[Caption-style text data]
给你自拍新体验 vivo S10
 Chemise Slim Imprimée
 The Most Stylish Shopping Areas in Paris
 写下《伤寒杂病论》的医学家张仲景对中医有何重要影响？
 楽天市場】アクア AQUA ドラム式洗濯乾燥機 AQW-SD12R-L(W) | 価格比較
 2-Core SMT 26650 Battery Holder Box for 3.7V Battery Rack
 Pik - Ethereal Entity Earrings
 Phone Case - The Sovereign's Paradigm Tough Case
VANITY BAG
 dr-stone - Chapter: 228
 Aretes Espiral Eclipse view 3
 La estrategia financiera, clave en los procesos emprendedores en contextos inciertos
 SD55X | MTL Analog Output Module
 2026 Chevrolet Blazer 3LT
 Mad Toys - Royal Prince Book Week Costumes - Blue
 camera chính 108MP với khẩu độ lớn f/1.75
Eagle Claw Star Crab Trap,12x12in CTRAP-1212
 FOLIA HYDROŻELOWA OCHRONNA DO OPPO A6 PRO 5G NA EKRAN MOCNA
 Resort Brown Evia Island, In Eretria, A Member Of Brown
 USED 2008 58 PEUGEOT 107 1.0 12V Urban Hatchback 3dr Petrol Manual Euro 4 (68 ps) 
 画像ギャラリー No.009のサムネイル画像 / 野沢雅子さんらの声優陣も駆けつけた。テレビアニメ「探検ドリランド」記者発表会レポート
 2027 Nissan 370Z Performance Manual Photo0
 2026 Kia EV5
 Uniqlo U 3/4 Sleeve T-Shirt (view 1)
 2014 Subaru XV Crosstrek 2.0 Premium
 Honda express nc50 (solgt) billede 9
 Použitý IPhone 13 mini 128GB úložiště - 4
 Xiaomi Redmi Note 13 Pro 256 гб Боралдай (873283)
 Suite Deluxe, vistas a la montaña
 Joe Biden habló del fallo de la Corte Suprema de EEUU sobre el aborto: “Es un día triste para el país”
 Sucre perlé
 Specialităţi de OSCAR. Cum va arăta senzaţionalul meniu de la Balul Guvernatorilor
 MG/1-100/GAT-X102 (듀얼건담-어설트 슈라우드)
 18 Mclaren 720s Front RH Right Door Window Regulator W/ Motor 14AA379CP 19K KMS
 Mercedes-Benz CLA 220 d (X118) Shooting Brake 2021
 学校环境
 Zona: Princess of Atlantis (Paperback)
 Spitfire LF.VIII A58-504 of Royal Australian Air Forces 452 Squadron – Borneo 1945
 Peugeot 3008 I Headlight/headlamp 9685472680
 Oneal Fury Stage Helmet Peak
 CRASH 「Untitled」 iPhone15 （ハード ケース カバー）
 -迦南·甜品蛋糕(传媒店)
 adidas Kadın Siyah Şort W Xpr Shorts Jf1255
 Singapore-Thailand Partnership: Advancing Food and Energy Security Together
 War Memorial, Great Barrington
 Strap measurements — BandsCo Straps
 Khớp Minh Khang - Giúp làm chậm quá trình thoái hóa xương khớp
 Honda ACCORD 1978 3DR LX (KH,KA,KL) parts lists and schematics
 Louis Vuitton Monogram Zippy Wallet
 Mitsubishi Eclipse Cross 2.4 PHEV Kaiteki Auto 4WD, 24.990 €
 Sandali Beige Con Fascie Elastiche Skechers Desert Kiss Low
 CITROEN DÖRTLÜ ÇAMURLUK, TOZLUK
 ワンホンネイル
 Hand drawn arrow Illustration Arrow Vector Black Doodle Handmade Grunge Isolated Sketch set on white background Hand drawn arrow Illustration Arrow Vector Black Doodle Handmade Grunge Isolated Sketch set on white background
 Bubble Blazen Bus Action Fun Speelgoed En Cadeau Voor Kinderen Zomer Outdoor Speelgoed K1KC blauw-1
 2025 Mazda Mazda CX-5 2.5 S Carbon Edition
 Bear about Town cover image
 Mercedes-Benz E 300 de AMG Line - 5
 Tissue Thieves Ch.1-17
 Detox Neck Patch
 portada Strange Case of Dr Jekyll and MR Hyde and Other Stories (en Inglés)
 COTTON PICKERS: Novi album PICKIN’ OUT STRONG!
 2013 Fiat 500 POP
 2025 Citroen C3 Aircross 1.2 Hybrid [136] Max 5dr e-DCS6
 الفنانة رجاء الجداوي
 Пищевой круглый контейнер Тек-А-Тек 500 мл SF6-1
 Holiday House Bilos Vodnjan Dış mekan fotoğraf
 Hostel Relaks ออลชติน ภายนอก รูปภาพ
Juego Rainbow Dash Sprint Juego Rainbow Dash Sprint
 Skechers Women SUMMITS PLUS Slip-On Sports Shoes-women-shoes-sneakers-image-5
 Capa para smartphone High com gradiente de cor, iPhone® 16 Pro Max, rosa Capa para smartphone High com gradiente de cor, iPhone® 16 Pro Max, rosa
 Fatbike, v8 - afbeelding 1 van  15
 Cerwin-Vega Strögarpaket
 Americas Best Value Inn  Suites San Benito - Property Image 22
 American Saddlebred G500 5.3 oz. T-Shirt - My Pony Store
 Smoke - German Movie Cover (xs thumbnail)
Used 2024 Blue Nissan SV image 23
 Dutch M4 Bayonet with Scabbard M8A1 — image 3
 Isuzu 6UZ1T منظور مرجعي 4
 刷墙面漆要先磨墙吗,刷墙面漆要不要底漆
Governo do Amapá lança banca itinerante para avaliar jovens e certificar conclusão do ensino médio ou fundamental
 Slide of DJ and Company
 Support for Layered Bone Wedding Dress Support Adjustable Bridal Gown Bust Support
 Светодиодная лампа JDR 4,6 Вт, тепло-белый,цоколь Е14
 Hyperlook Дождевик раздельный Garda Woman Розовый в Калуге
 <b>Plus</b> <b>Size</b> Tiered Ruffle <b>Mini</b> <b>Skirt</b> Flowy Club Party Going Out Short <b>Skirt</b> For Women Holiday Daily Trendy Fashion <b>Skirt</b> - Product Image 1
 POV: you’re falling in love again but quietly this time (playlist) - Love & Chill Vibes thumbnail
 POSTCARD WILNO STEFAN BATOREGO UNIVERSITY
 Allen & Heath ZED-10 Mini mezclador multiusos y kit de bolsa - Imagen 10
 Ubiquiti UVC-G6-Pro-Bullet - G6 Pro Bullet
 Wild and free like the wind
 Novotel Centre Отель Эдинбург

> [THE PROBLEM]: Please give the number of lines in the entries above that hold "Manual", with no other text.

> [EXPECTED ANSWER]: 2